Image-caption web data
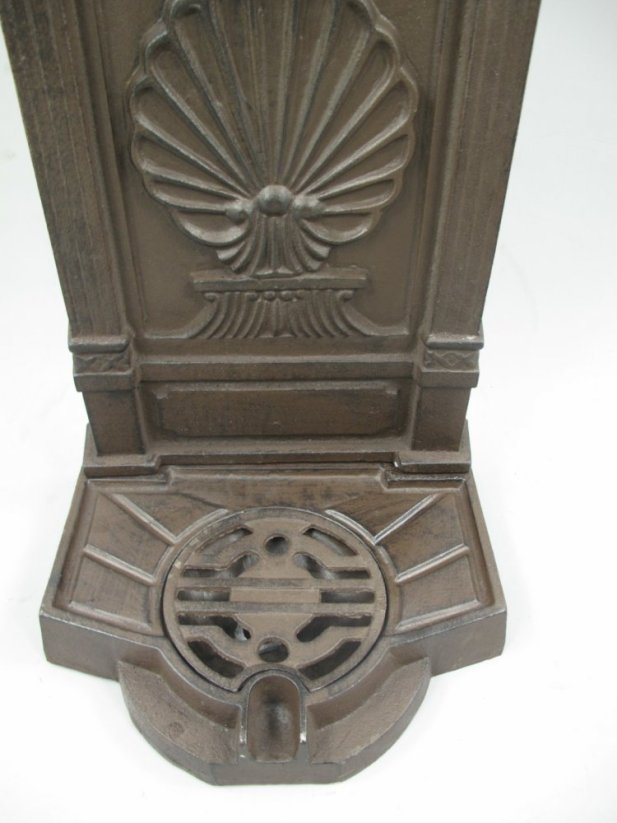 Zahradní litinová kašna MUŠLE / HNĚDÁ patina 68cm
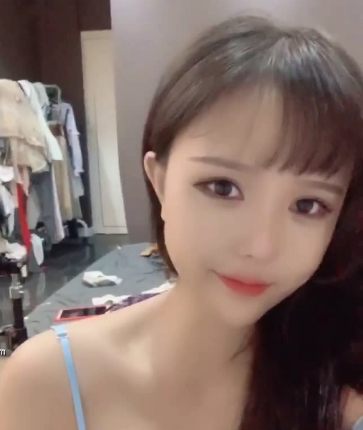 穿云音性感网红私拍资源合集，大小379MB，绝对诱人！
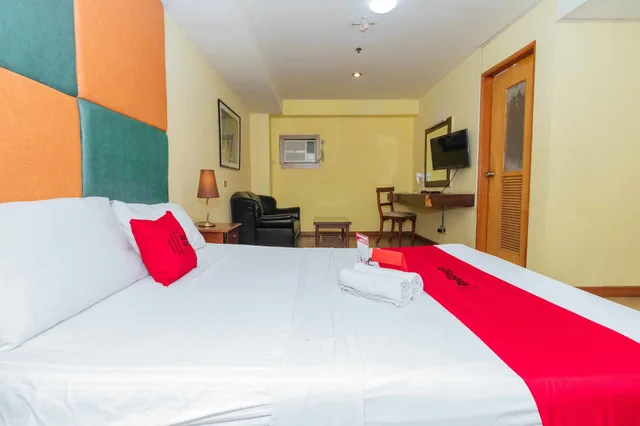 غرفة بسرير مزدوج، Reddoorz Timog Avenue Quezon City 5/9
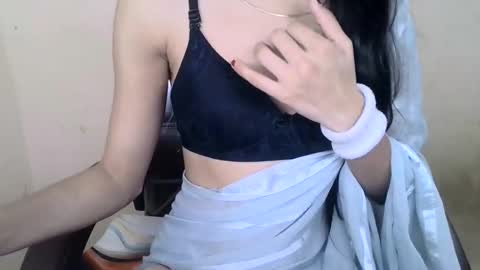 Himani online show from March 2026 01:56:01 AM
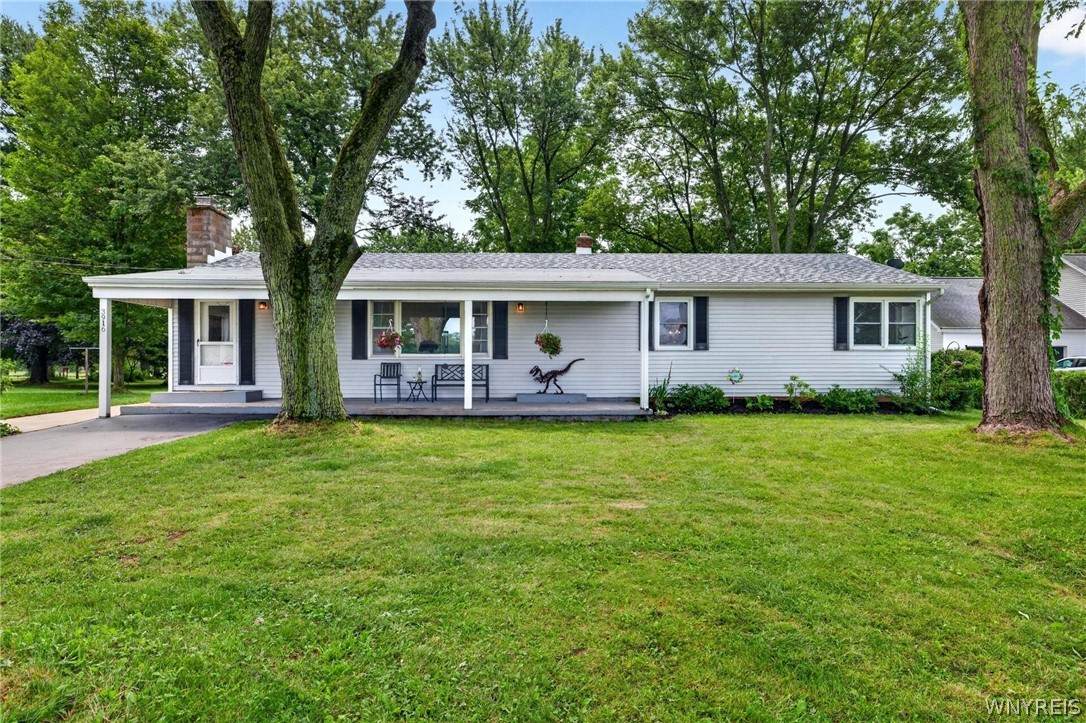 3916 Lockport Road - Photo 1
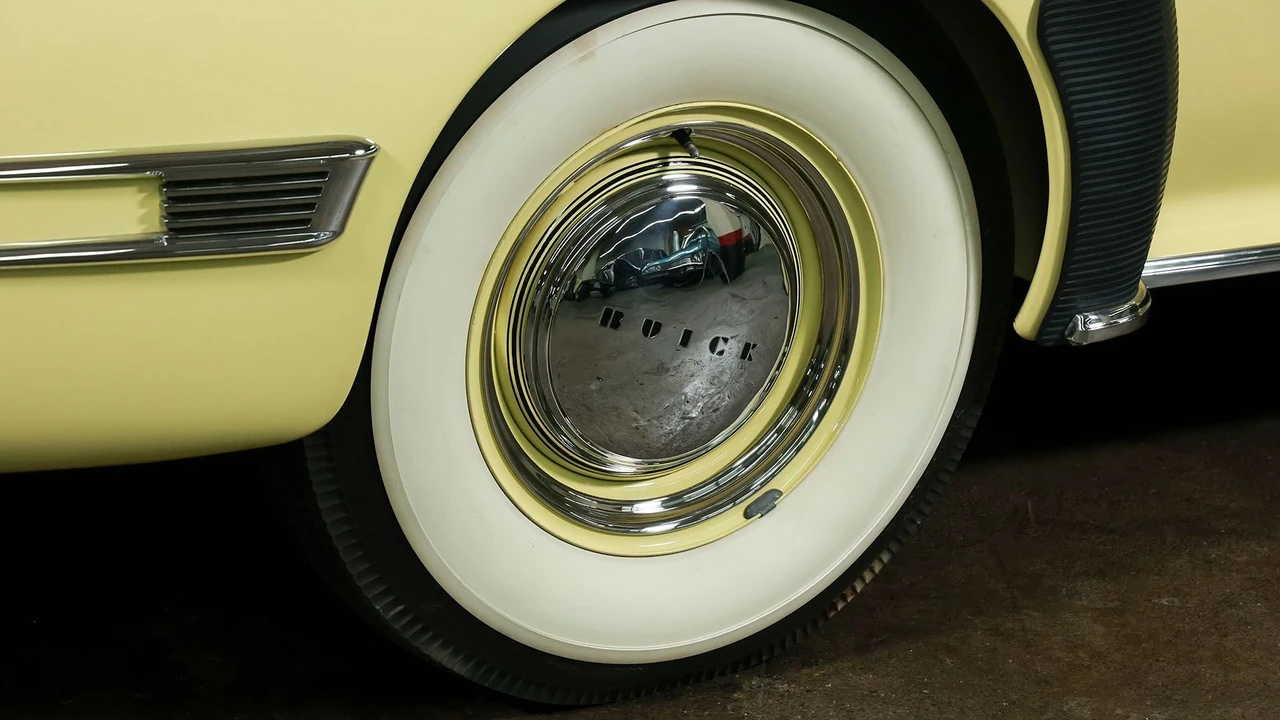 1941 Buick Roadmaster - Image 7 of 31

- [Required action]: Repeat each entry exactly as it appears; skip any picture.

- [Expected answer]:
 Zahradní litinová kašna MUŠLE / HNĚDÁ patina 68cm
 穿云音性感网红私拍资源合集，大小379MB，绝对诱人！
 غرفة بسرير مزدوج، Reddoorz Timog Avenue Quezon City 5/9
 Himani online show from March 2026 01:56:01 AM
 3916 Lockport Road - Photo 1
 1941 Buick Roadmaster - Image 7 of 31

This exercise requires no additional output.